2012年11月12日月曜日

Reading for Nov 12


   In Blue Jeans: The Art of the Ordinary, Daniel Miller and Sophie Woodward explore sociological aspects of blue jeans and analyze personal and cultural relationships with blue jeans through interviews in England. In their early chapters, they discuss personal relationships with blue jeans. They interviewed people and asked their experiences of blue jeans. It is interesting to focus on personal histories of blue jeans and connected to social experiences. They interview a woman, who calls Susan, and explore that she had different connections with blue jeans in each stage of her life. When she was young and went out for fun, she preferred to wear skirt, but after she got married, she always wore jeans.
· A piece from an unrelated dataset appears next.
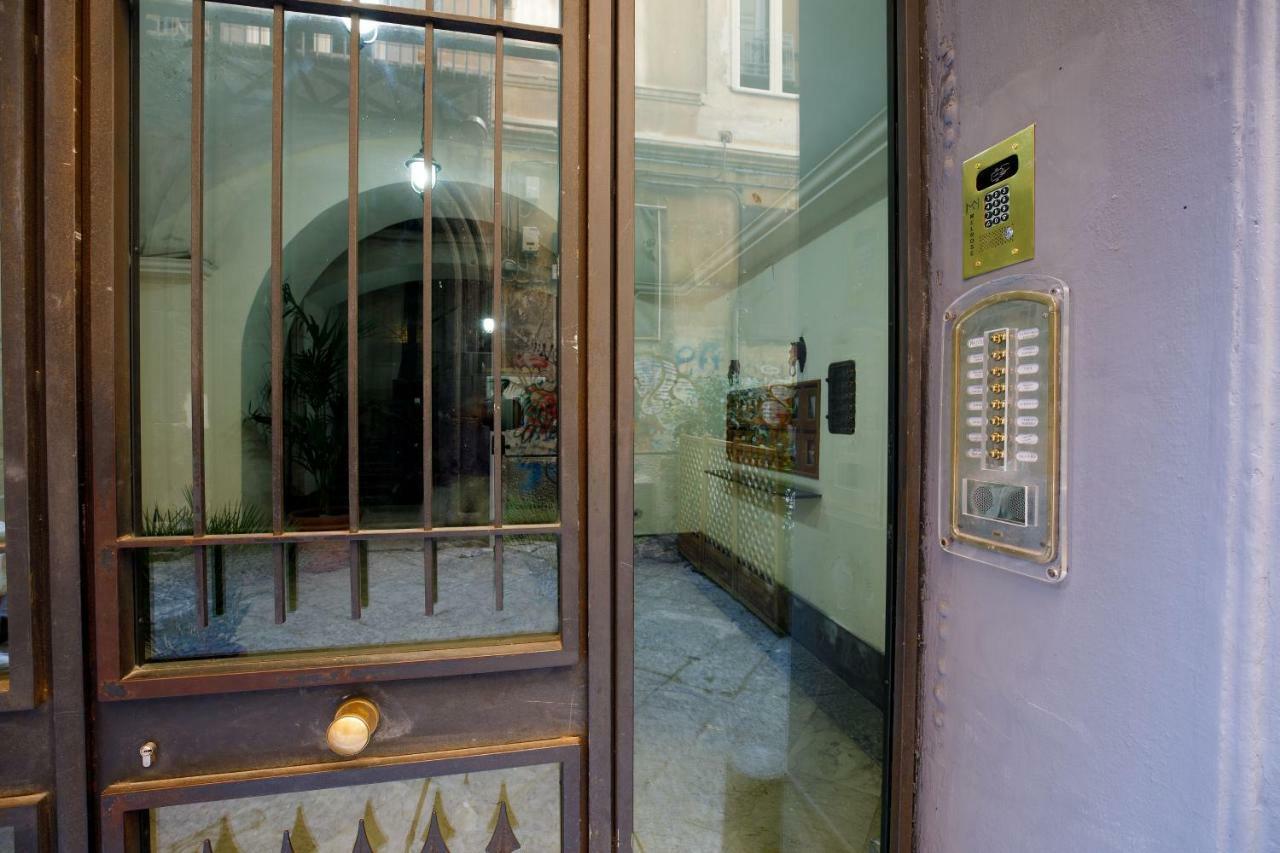 Melrose Napoli Hotel Luaran gambar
It was her personal history, but the relationships between her and blue jeans were not entirely personal. Her decisions to wear jeans were influenced by social and cultural environments surrounding her. Authors talk about conformity of blue jeans in other chapter. They said “the need to feel comfortable, in the sense of appropriate, under the gaze of others within a public situation.”[i] Although jeans sometimes uncomfortable to wear depend on weather and shape, they describe conformity in physical, social, and personal perspectives. When I think about two wedding dresses from 1830s and 1840s, those dresses needed corset to wear and used heavy materials. Although wearing dresses must be uncomfortable from perspective of modern fashion, people might be comfortable to wear those because of social appreciation at that time.
   Miller and Woodward also discuss about jeans and women’s bodies. They said “Jeans are both the measure of her body and sometimes even the reward for getting her body shape right.” [ii]Through their interviews, they found most women tend not to wear jeans if they gain certain amount of weight. If they are slim enough, they consider it is appropriate to wear jeans. In some part, jeans are for ordinal and comfortable wears, but in certain brands and shapes, they represent ideal women’s bodies unconsciously. Skinny jeans remind me my dresses and corset. Both of them are tight and squeeze women’s body to create ideal shape. On the other side, people who can fit and wear those fancy clothing feel comfortable because of appropriation from social gaze. As authors mention that “Comfortable, meaning that at least from the point of view of subjective experience there is a good fit with the situation,“ [iii]ambivalent conformity exist together.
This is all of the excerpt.